## Exercise aim
Reproduce the entries word for word, and omit any picture you find in them.

── Provided entries

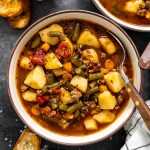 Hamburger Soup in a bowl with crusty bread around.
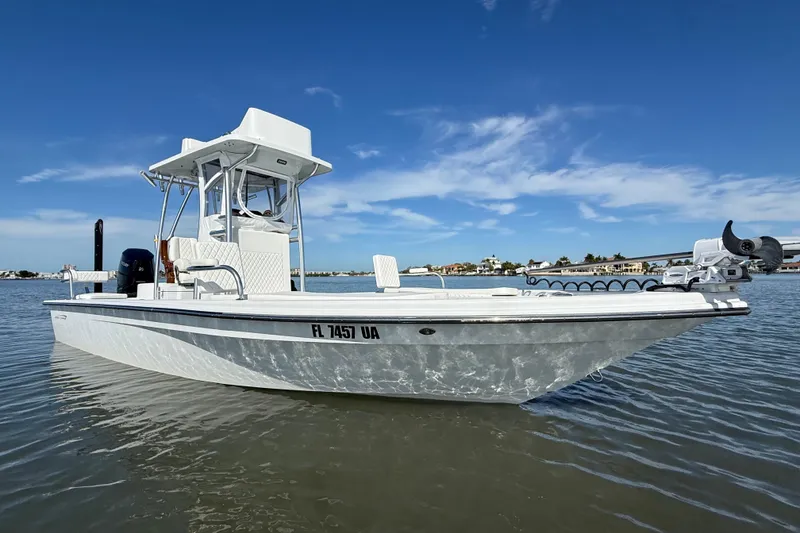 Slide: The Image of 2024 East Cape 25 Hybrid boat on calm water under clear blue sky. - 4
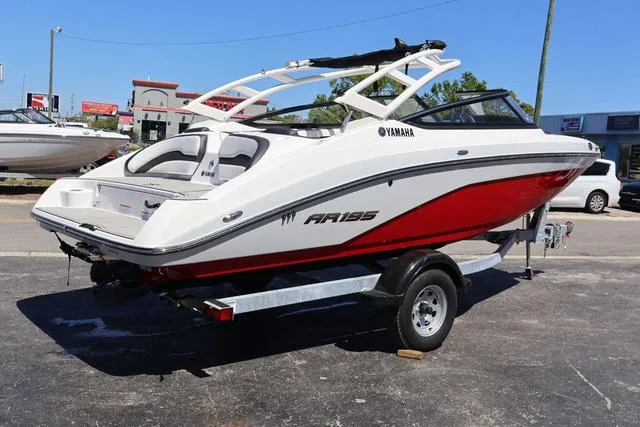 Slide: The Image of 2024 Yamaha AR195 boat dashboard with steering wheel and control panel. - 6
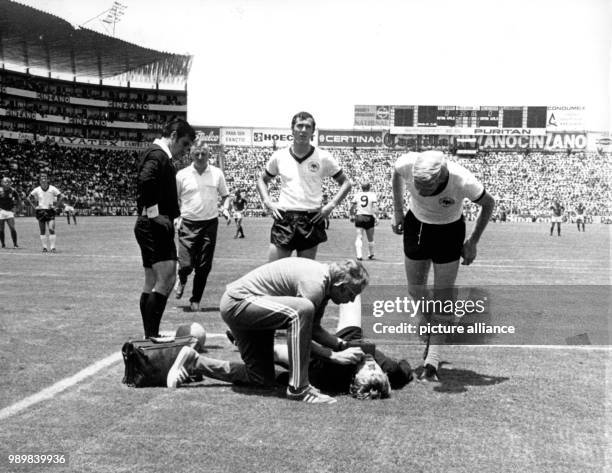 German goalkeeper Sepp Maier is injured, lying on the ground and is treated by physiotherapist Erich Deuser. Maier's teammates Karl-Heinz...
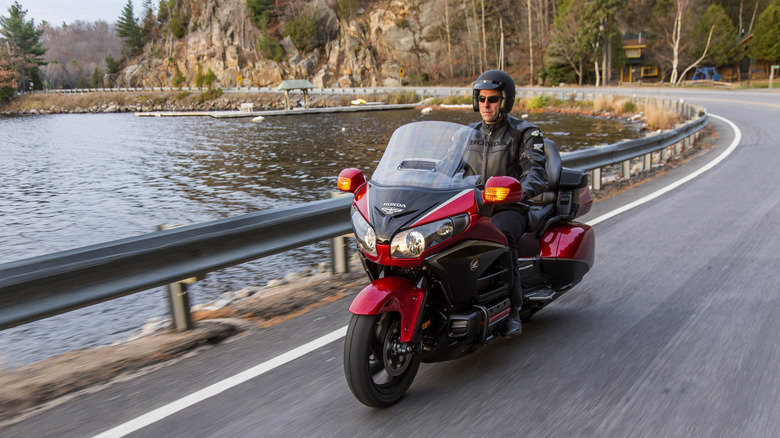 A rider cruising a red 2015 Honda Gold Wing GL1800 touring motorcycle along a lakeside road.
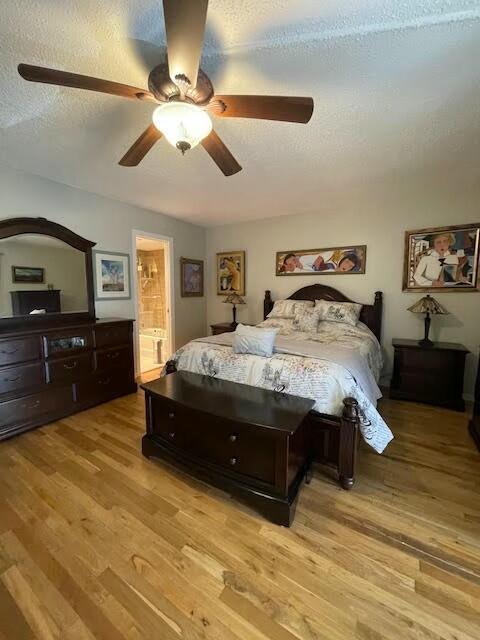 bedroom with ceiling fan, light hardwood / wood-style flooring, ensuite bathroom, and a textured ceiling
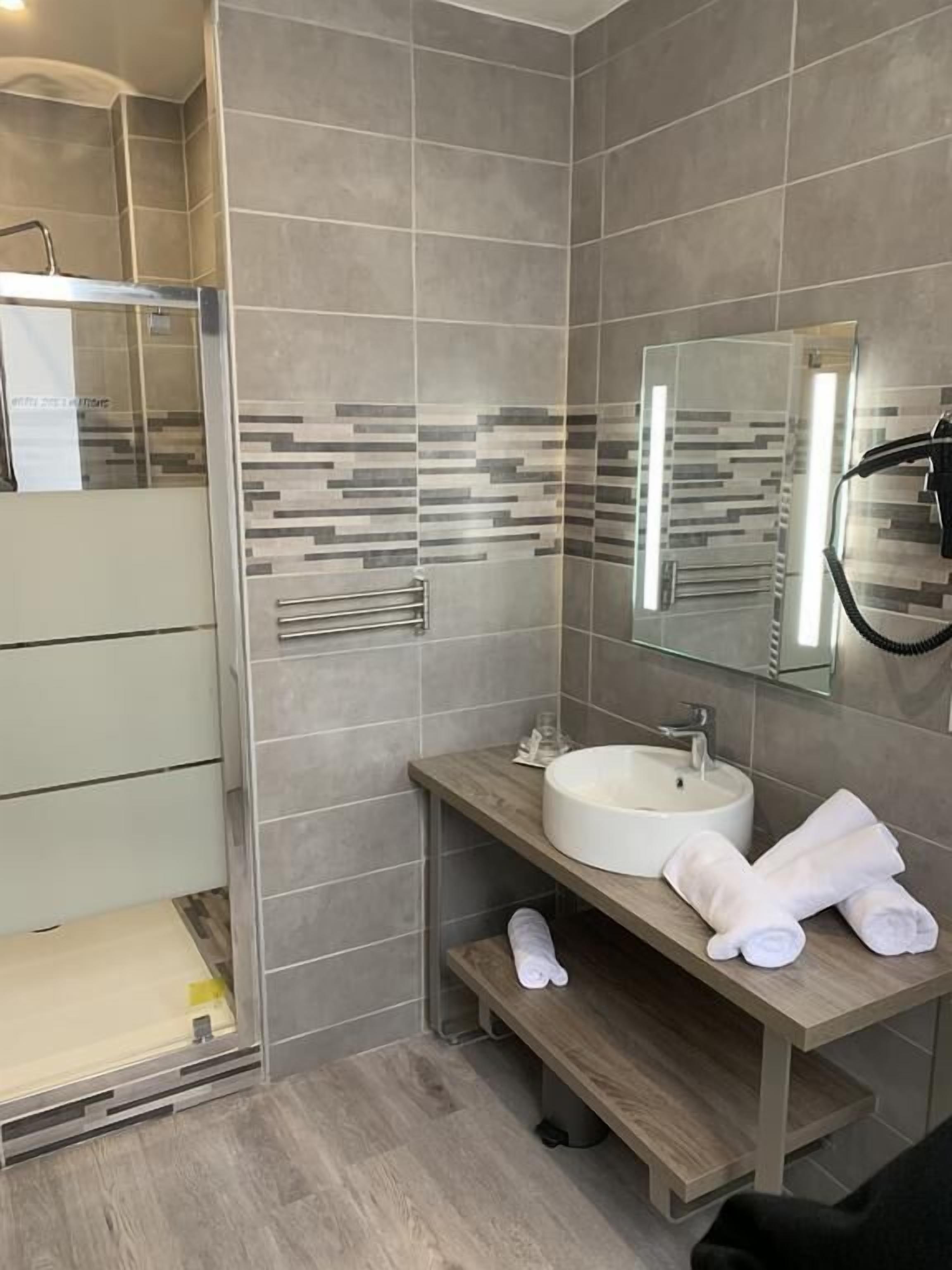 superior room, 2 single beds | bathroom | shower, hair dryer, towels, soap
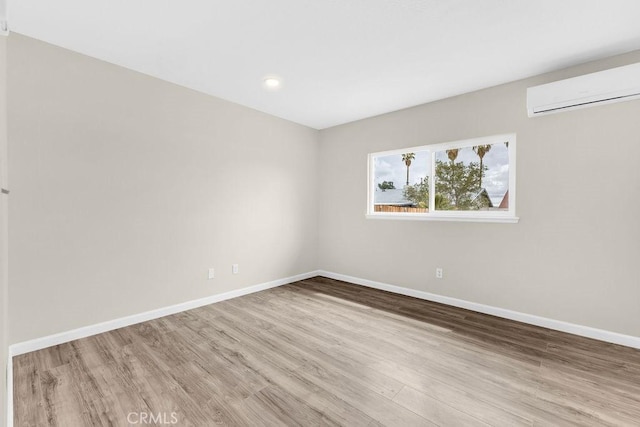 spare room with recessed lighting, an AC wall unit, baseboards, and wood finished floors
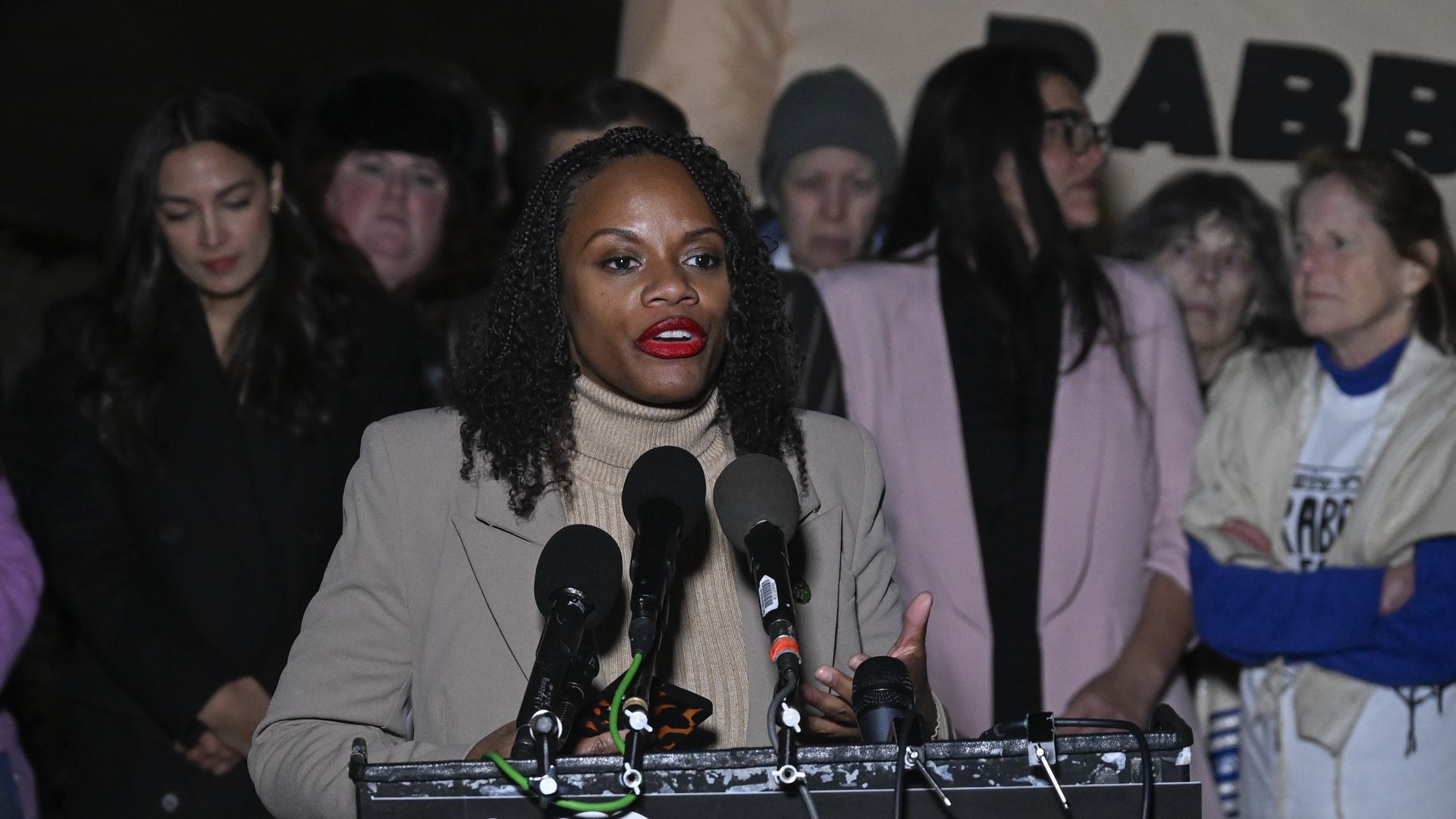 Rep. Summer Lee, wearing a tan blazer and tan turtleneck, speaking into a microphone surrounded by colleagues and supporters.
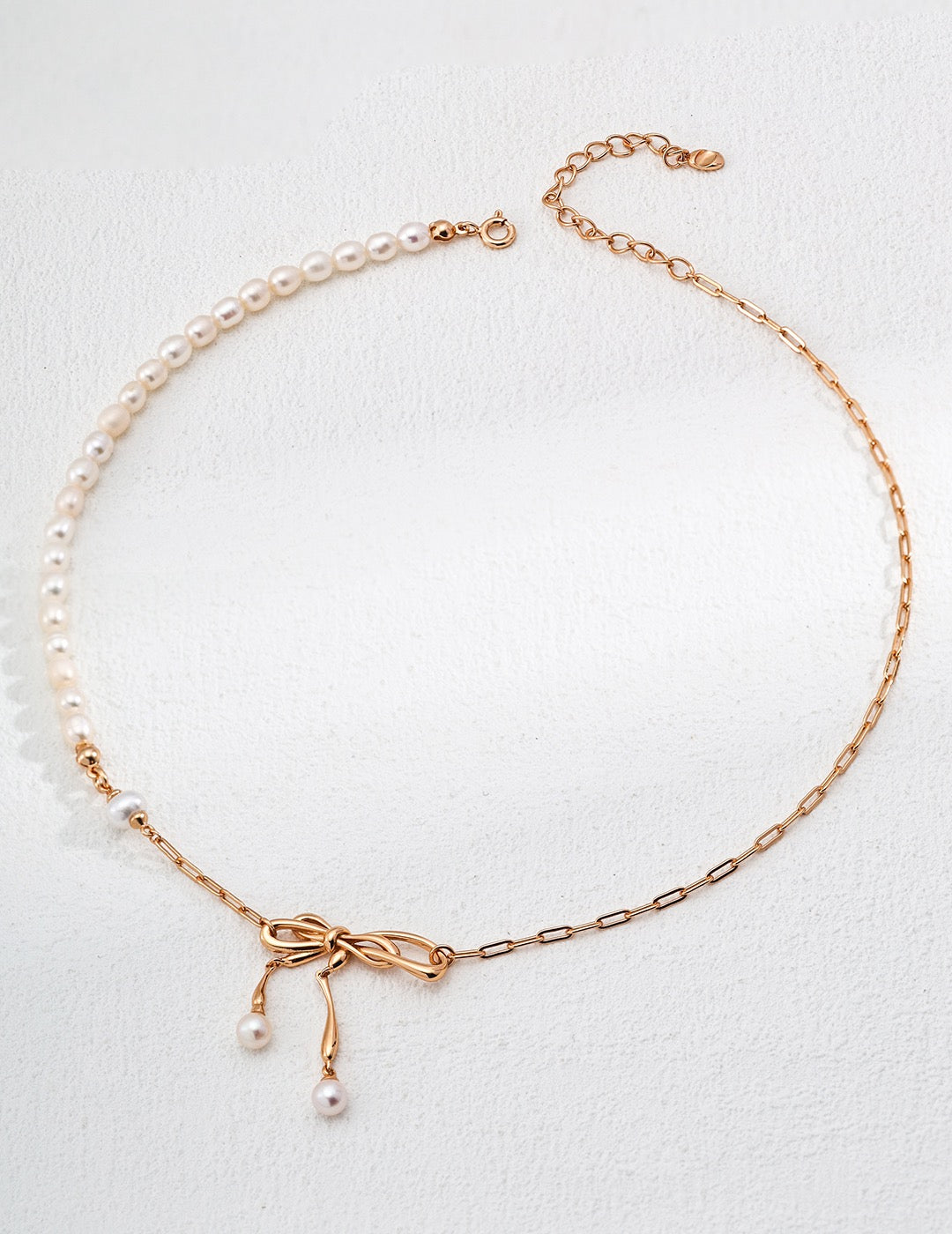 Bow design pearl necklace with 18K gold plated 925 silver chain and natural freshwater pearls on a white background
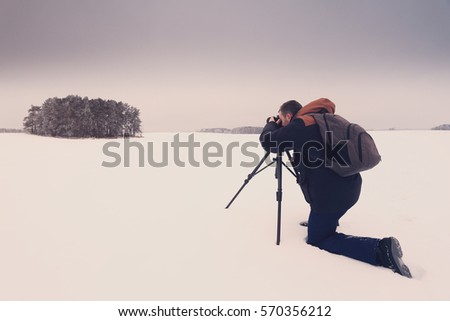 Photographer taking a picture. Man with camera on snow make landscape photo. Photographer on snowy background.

────

## Output
 Hamburger Soup in a bowl with crusty bread around.
 Slide: The Image of 2024 East Cape 25 Hybrid boat on calm water under clear blue sky. - 4
 Slide: The Image of 2024 Yamaha AR195 boat dashboard with steering wheel and control panel. - 6
 German goalkeeper Sepp Maier is injured, lying on the ground and is treated by physiotherapist Erich Deuser. Maier's teammates Karl-Heinz...
 A rider cruising a red 2015 Honda Gold Wing GL1800 touring motorcycle along a lakeside road.
 bedroom with ceiling fan, light hardwood / wood-style flooring, ensuite bathroom, and a textured ceiling
 superior room, 2 single beds | bathroom | shower, hair dryer, towels, soap
 spare room with recessed lighting, an AC wall unit, baseboards, and wood finished floors
 Rep. Summer Lee, wearing a tan blazer and tan turtleneck, speaking into a microphone surrounded by colleagues and supporters.
 Bow design pearl necklace with 18K gold plated 925 silver chain and natural freshwater pearls on a white background
 Photographer taking a picture. Man with camera on snow make landscape photo. Photographer on snowy background.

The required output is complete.